(STORED DATA Opens)
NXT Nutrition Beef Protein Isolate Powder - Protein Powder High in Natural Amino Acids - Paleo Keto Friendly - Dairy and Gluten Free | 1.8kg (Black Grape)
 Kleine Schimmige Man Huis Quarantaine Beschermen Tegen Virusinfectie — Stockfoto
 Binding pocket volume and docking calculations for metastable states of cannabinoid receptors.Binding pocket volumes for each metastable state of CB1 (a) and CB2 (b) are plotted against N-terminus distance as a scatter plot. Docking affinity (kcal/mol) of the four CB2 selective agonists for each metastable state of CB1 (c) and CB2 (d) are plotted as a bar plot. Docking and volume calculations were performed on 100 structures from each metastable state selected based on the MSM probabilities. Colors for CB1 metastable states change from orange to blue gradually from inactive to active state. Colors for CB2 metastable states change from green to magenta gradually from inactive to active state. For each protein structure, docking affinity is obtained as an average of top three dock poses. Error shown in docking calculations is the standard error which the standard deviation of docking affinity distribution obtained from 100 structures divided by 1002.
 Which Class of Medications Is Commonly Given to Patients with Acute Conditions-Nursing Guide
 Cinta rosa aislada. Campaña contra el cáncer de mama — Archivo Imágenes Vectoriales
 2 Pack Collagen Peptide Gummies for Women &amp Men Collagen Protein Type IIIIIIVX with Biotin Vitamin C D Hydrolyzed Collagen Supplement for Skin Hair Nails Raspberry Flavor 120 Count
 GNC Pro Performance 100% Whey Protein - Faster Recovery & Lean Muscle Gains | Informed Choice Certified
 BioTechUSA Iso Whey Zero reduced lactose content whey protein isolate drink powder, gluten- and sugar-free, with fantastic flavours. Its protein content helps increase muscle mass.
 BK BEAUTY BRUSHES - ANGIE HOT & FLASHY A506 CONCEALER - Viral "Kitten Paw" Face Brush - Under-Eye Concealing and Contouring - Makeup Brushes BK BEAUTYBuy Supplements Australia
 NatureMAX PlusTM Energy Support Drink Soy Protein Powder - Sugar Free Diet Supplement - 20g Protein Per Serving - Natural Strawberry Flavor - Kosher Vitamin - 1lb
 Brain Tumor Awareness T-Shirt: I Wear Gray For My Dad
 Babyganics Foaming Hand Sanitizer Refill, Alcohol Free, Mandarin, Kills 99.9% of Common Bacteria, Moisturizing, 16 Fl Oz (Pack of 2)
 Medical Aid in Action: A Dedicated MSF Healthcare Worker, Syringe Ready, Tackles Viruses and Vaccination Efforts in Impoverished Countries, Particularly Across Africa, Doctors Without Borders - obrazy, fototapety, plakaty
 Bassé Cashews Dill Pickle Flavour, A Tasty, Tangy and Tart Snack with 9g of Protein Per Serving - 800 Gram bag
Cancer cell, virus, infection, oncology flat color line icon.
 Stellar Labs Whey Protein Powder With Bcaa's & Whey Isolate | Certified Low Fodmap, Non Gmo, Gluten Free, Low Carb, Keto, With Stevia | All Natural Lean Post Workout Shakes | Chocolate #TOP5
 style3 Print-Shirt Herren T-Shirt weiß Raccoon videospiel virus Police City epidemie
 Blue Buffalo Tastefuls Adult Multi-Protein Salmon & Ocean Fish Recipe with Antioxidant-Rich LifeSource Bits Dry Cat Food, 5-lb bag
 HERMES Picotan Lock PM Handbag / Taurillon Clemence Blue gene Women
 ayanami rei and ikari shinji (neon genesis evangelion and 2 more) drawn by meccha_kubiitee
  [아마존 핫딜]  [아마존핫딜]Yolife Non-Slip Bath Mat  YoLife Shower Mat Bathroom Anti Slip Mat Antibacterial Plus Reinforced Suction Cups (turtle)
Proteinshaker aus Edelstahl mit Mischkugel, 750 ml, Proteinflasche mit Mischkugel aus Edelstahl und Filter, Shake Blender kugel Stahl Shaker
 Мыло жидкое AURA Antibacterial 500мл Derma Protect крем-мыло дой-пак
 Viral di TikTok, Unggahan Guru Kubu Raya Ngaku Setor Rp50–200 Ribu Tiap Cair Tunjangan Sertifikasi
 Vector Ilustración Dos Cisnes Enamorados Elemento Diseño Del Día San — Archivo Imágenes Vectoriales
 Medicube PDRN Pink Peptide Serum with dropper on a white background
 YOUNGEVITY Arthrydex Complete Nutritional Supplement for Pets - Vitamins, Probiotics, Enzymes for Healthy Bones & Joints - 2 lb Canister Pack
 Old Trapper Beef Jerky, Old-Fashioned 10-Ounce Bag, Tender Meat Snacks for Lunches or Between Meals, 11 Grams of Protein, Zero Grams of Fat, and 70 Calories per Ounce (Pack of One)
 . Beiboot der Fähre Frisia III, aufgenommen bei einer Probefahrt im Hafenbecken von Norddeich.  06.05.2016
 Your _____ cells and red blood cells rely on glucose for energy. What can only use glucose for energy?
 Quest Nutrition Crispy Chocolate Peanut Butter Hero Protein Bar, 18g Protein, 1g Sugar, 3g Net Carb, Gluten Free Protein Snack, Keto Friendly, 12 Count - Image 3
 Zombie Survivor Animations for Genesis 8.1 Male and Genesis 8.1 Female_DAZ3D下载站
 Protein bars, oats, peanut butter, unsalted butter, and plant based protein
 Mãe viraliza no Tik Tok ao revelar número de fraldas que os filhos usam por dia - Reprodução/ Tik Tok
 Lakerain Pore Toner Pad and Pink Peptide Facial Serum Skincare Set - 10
(STORED DATA Closes)
§ TASK DETAILS:
Please copy exactly, and only, the lines running from the one containing "Proteinshaker aus Edelstahl" through the end of the listing.

§ EXERCISE ANSWER:
Proteinshaker aus Edelstahl mit Mischkugel, 750 ml, Proteinflasche mit Mischkugel aus Edelstahl und Filter, Shake Blender kugel Stahl Shaker
 Мыло жидкое AURA Antibacterial 500мл Derma Protect крем-мыло дой-пак
 Viral di TikTok, Unggahan Guru Kubu Raya Ngaku Setor Rp50–200 Ribu Tiap Cair Tunjangan Sertifikasi
 Vector Ilustración Dos Cisnes Enamorados Elemento Diseño Del Día San — Archivo Imágenes Vectoriales
 Medicube PDRN Pink Peptide Serum with dropper on a white background
 YOUNGEVITY Arthrydex Complete Nutritional Supplement for Pets - Vitamins, Probiotics, Enzymes for Healthy Bones & Joints - 2 lb Canister Pack
 Old Trapper Beef Jerky, Old-Fashioned 10-Ounce Bag, Tender Meat Snacks for Lunches or Between Meals, 11 Grams of Protein, Zero Grams of Fat, and 70 Calories per Ounce (Pack of One)
 . Beiboot der Fähre Frisia III, aufgenommen bei einer Probefahrt im Hafenbecken von Norddeich.  06.05.2016
 Your _____ cells and red blood cells rely on glucose for energy. What can only use glucose for energy?
 Quest Nutrition Crispy Chocolate Peanut Butter Hero Protein Bar, 18g Protein, 1g Sugar, 3g Net Carb, Gluten Free Protein Snack, Keto Friendly, 12 Count - Image 3
 Zombie Survivor Animations for Genesis 8.1 Male and Genesis 8.1 Female_DAZ3D下载站
 Protein bars, oats, peanut butter, unsalted butter, and plant based protein
 Mãe viraliza no Tik Tok ao revelar número de fraldas que os filhos usam por dia - Reprodução/ Tik Tok
 Lakerain Pore Toner Pad and Pink Peptide Facial Serum Skincare Set - 10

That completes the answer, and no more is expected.